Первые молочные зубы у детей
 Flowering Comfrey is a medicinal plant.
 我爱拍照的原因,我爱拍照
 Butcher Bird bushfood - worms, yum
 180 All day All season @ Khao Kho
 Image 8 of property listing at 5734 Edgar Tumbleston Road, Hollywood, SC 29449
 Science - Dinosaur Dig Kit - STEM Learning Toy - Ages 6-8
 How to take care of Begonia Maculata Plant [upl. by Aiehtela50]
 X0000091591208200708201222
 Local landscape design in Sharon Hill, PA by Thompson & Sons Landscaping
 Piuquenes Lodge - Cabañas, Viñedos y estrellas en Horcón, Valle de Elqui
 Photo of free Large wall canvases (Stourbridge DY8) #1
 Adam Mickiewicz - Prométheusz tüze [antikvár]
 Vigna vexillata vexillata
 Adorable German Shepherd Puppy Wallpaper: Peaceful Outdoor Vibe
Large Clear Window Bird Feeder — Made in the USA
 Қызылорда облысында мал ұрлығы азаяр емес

········

Would you write out each entry precisely as it is given?

Первые молочные зубы у детей
 Flowering Comfrey is a medicinal plant.
 我爱拍照的原因,我爱拍照
 Butcher Bird bushfood - worms, yum
 180 All day All season @ Khao Kho
 Image 8 of property listing at 5734 Edgar Tumbleston Road, Hollywood, SC 29449
 Science - Dinosaur Dig Kit - STEM Learning Toy - Ages 6-8
 How to take care of Begonia Maculata Plant [upl. by Aiehtela50]
 X0000091591208200708201222
 Local landscape design in Sharon Hill, PA by Thompson & Sons Landscaping
 Piuquenes Lodge - Cabañas, Viñedos y estrellas en Horcón, Valle de Elqui
 Photo of free Large wall canvases (Stourbridge DY8) #1
 Adam Mickiewicz - Prométheusz tüze [antikvár]
 Vigna vexillata vexillata
 Adorable German Shepherd Puppy Wallpaper: Peaceful Outdoor Vibe
Large Clear Window Bird Feeder — Made in the USA
 Қызылорда облысында мал ұрлығы азаяр емес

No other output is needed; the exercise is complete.